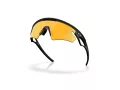 Oakley Sphaera Slash Lunettes de Soleil OO 9499 15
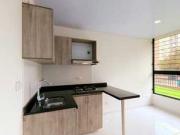 APARTAMENTO EN VENTA EN COLINA EL PLAN LIVING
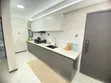 2 Bedroom Apartment for Sale in Kilimani - 5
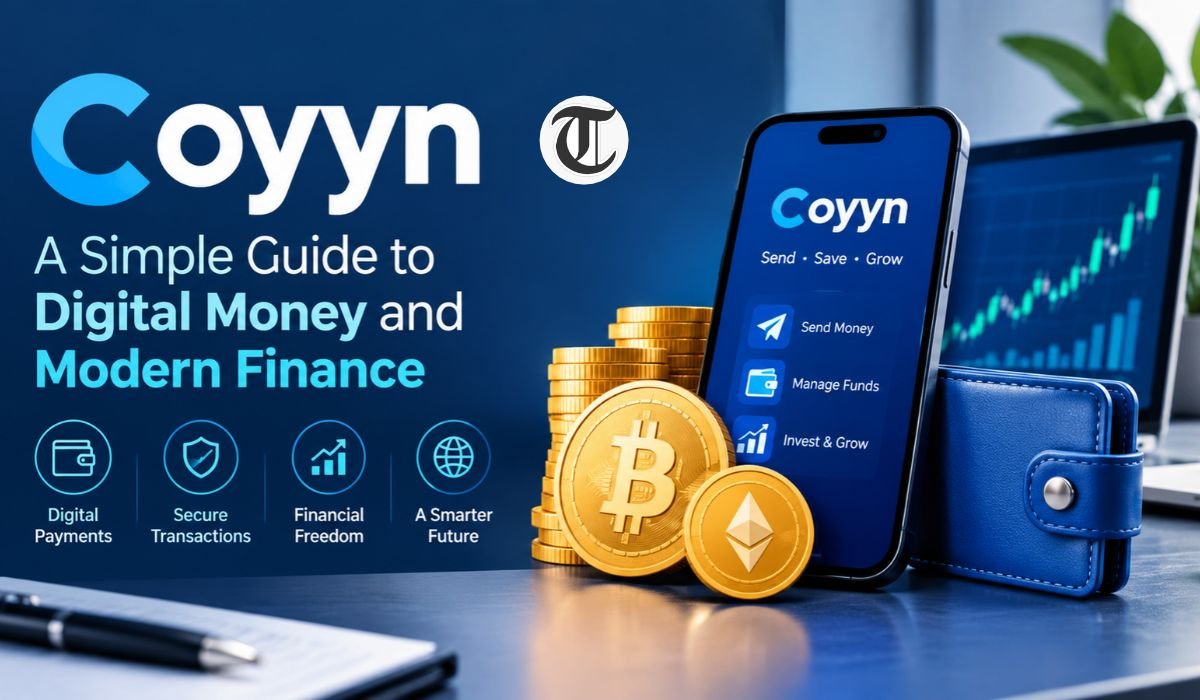coyyn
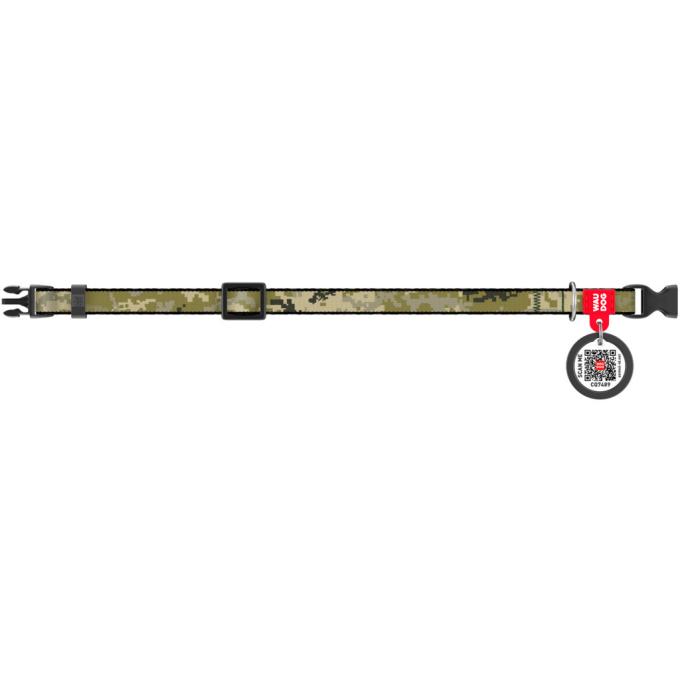 WAUDOG 278-4026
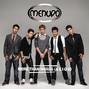 Lyrics of More than words (aeiou) Menudo
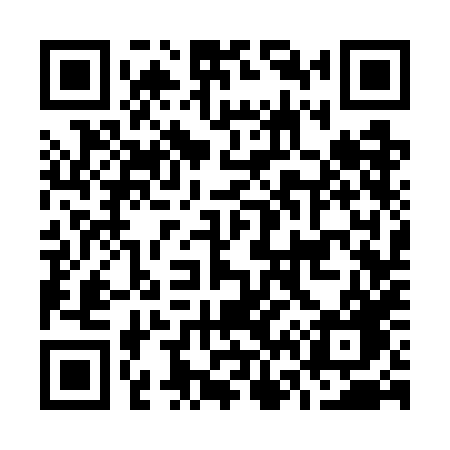 QR code for O637HG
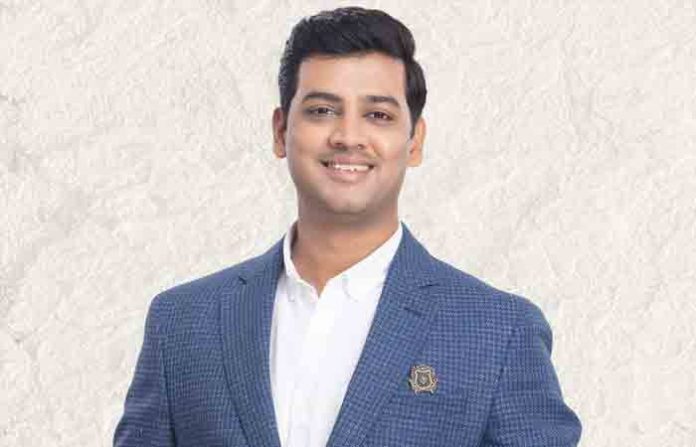 dr-shrikant-eknath-shinde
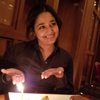 Sonal B.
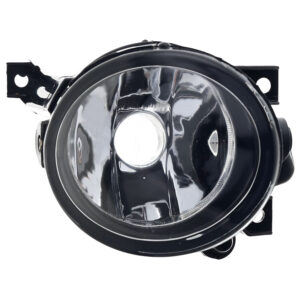 015-3132-10 FARO NIEBLA VW VENTO 14-15 S/FOCO CN DER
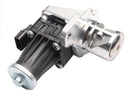 Lucas Egr Valve - FDR630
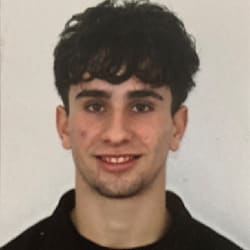 zekono_oficial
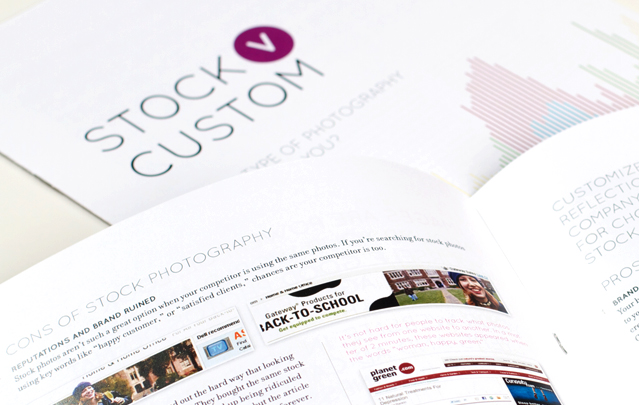 Donna Santos Studio design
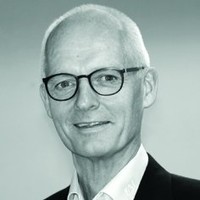 Søren Erik Jørgensen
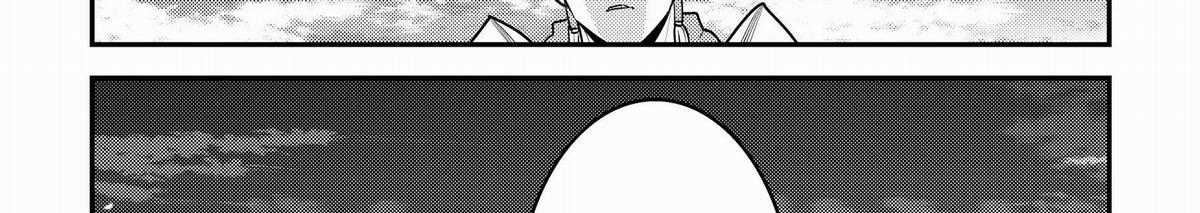 Cuộc Phiêu Lưu Của Kẻ Bất Tử Không Mong Muốn Chương 40 trang 224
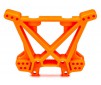 Shock tower, rear (orange)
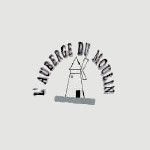 Auberge du Moulin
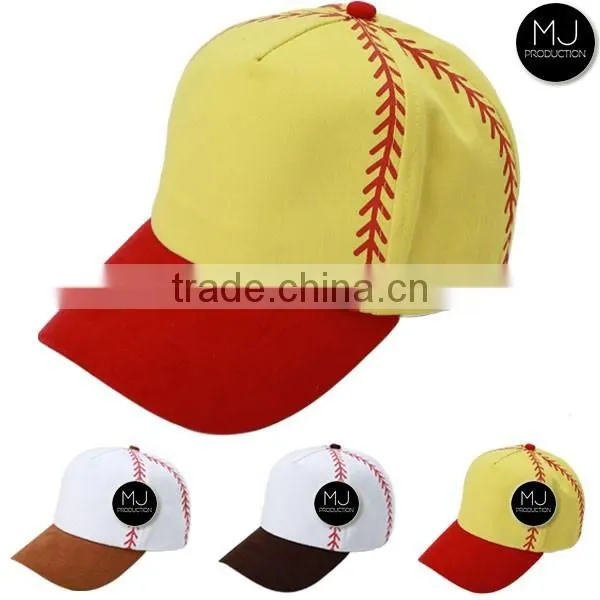 FACTORY Stock Monogram Sport Cap photo-3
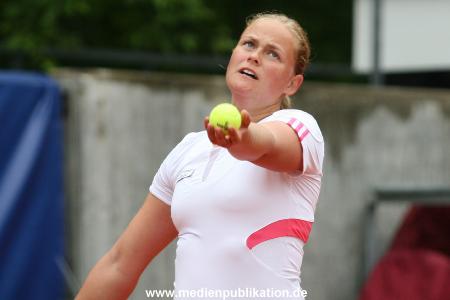 Qatar German Open 07052007 063
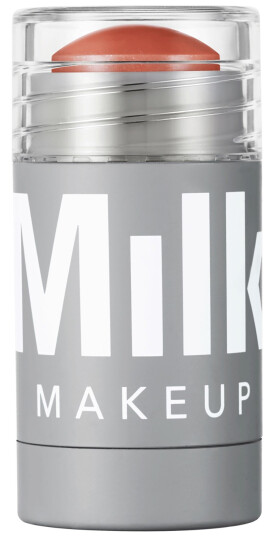Milk Makeup Lip + Cheek Enigma Milk Makeup Lip + Cheek Enigma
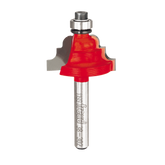 Freud 38-302 1-5/32" (Dia.) Cove & Bead Bit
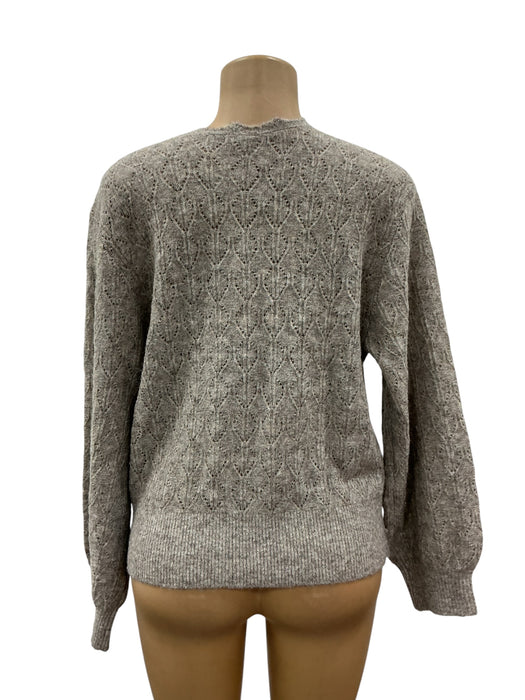 Sueter L (OLD NAVY)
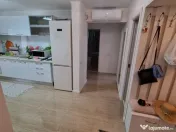 Capitol-apartament 3 camere decomandat finisat modern 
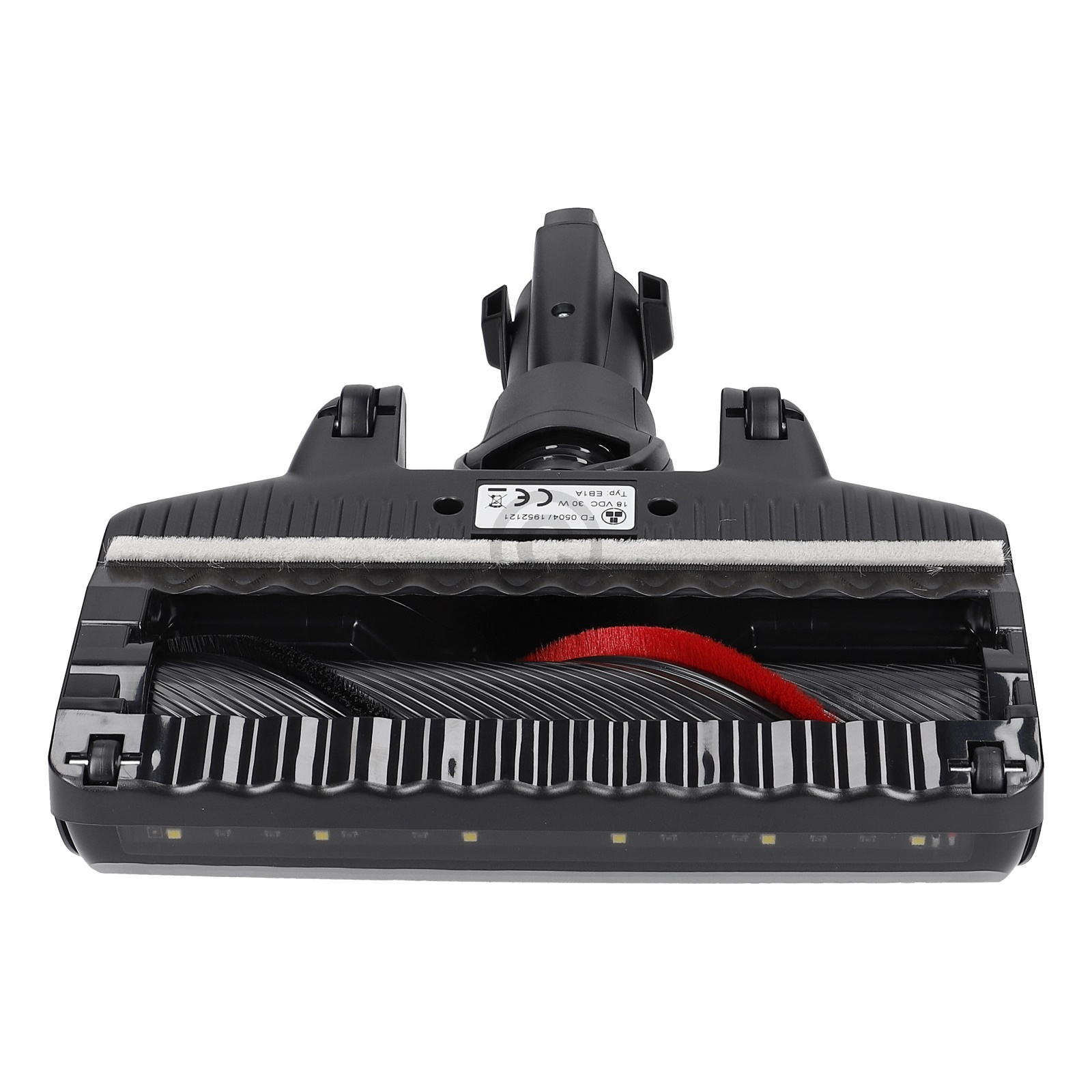 Elektrodüse Bosch 17008844 für Staubsauger Bosch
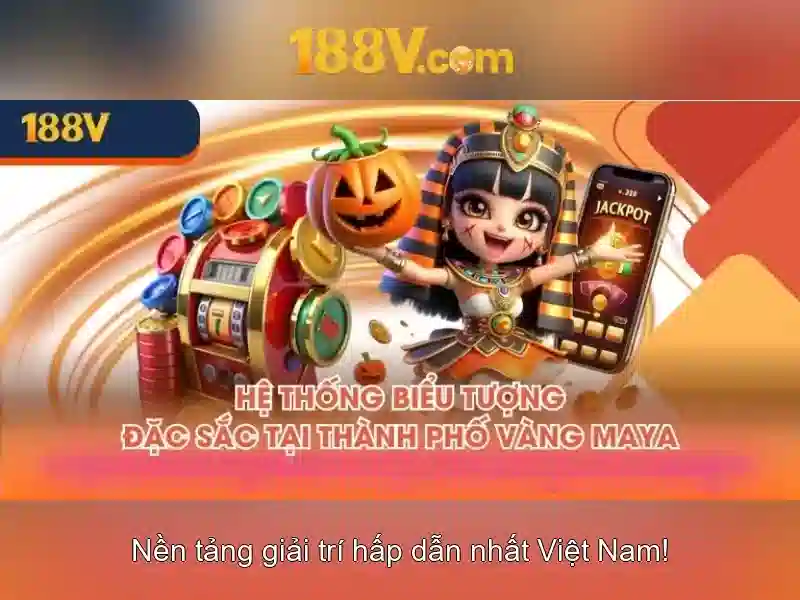 https://dslrhd.com/images/text/188v/188v-text2603311144.webp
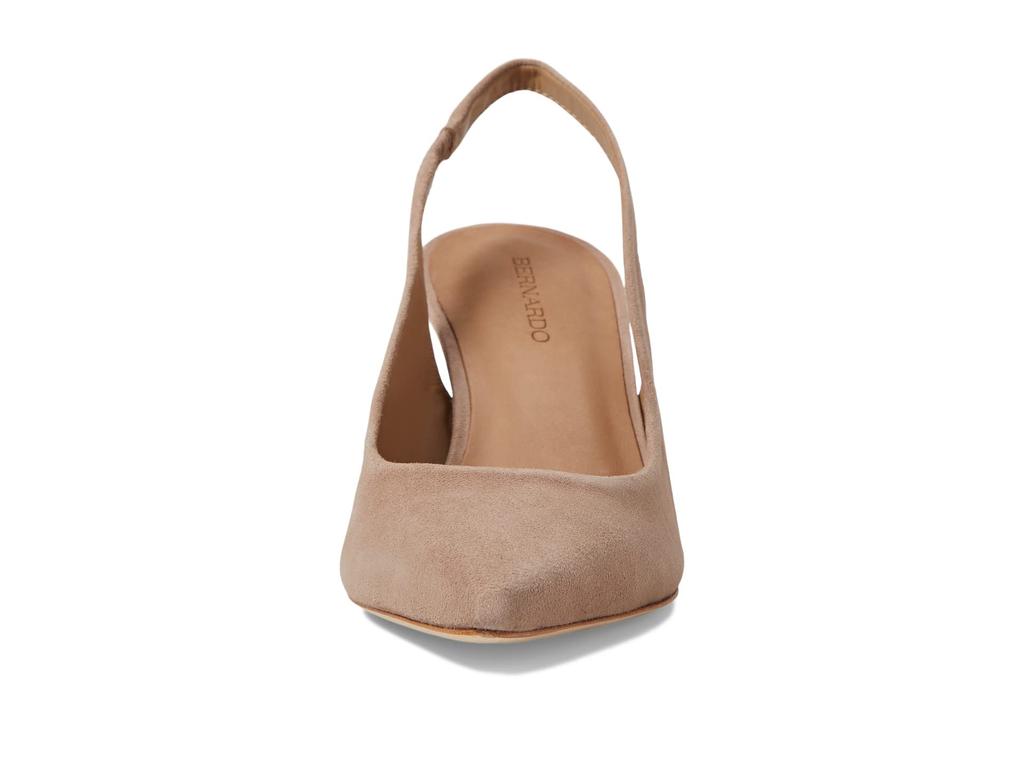 Bernardo Felicity Heel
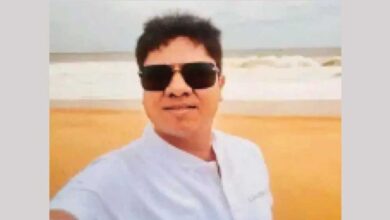 छत्तीसगढ़ शराब घोटाले में बड़ा खुलासा, हर महीने 80 लाख रुपये कमीशन लेने का आरोप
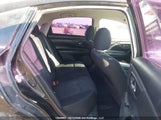 Nissan Altima 2.5/2.5 S/2.5 Sl/2.5 Sr/2.5 Sv 1N4AL3AP6HN328312 снимка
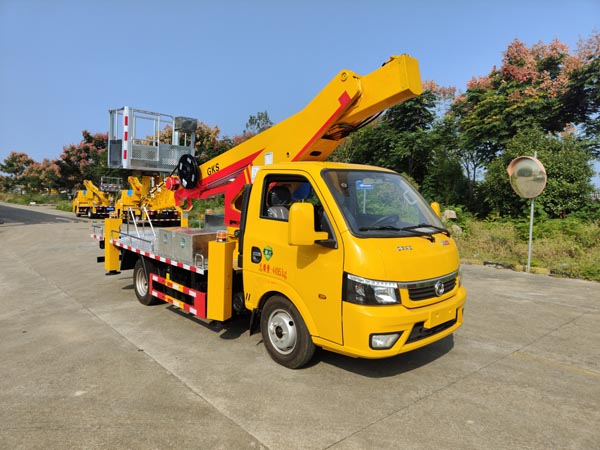 1677118386834816.jpg 1677118386834816.jpg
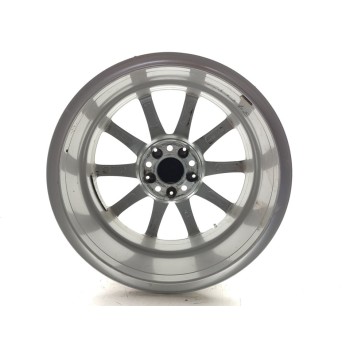 Recambio de llanta para mercedes-benz b-klasse (bm 247) (2.2019) b 200 (247.087) referencia OEM IAM A1774010300  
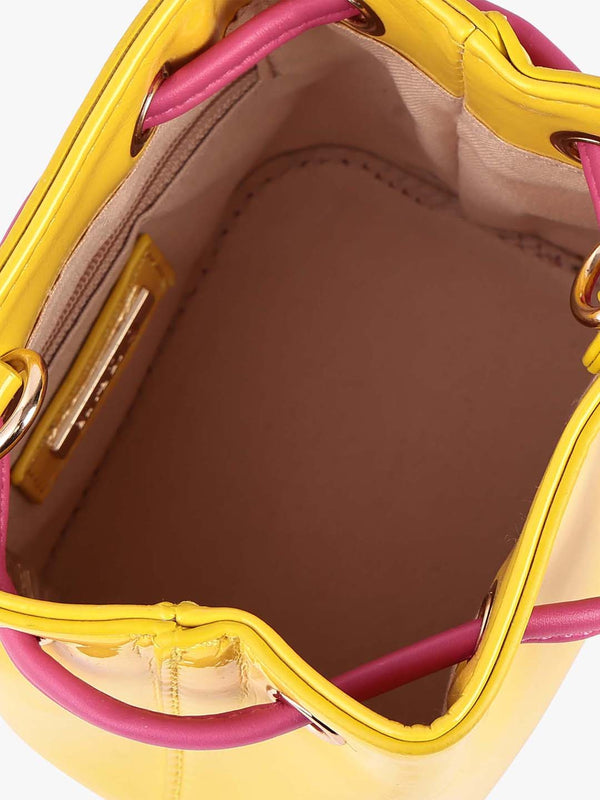 Kazo Kupcake Bucket Bag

(What is needed)
Reproduce the data exactly as it appears above. Pictures are to be left out.

(Response)
 Oakley Sphaera Slash Lunettes de Soleil OO 9499 15
 APARTAMENTO EN VENTA EN COLINA EL PLAN LIVING
 2 Bedroom Apartment for Sale in Kilimani - 5
coyyn
 WAUDOG 278-4026
 Lyrics of More than words (aeiou) Menudo
 QR code for O637HG
 dr-shrikant-eknath-shinde
 Sonal B.
 015-3132-10 FARO NIEBLA VW VENTO 14-15 S/FOCO CN DER
 Lucas Egr Valve - FDR630
 zekono_oficial
 Donna Santos Studio design
 Søren Erik Jørgensen
 Cuộc Phiêu Lưu Của Kẻ Bất Tử Không Mong Muốn Chương 40 trang 224
 Shock tower, rear (orange)
 Auberge du Moulin
 FACTORY Stock Monogram Sport Cap photo-3
 Qatar German Open 07052007 063
Milk Makeup Lip + Cheek Enigma Milk Makeup Lip + Cheek Enigma
 Freud 38-302 1-5/32" (Dia.) Cove & Bead Bit
 Sueter L (OLD NAVY)
 Capitol-apartament 3 camere decomandat finisat modern 
 Elektrodüse Bosch 17008844 für Staubsauger Bosch
 https://dslrhd.com/images/text/188v/188v-text2603311144.webp
 Bernardo Felicity Heel
 छत्तीसगढ़ शराब घोटाले में बड़ा खुलासा, हर महीने 80 लाख रुपये कमीशन लेने का आरोप
 Nissan Altima 2.5/2.5 S/2.5 Sl/2.5 Sr/2.5 Sv 1N4AL3AP6HN328312 снимка
 1677118386834816.jpg 1677118386834816.jpg
 Recambio de llanta para mercedes-benz b-klasse (bm 247) (2.2019) b 200 (247.087) referencia OEM IAM A1774010300  
 Kazo Kupcake Bucket Bag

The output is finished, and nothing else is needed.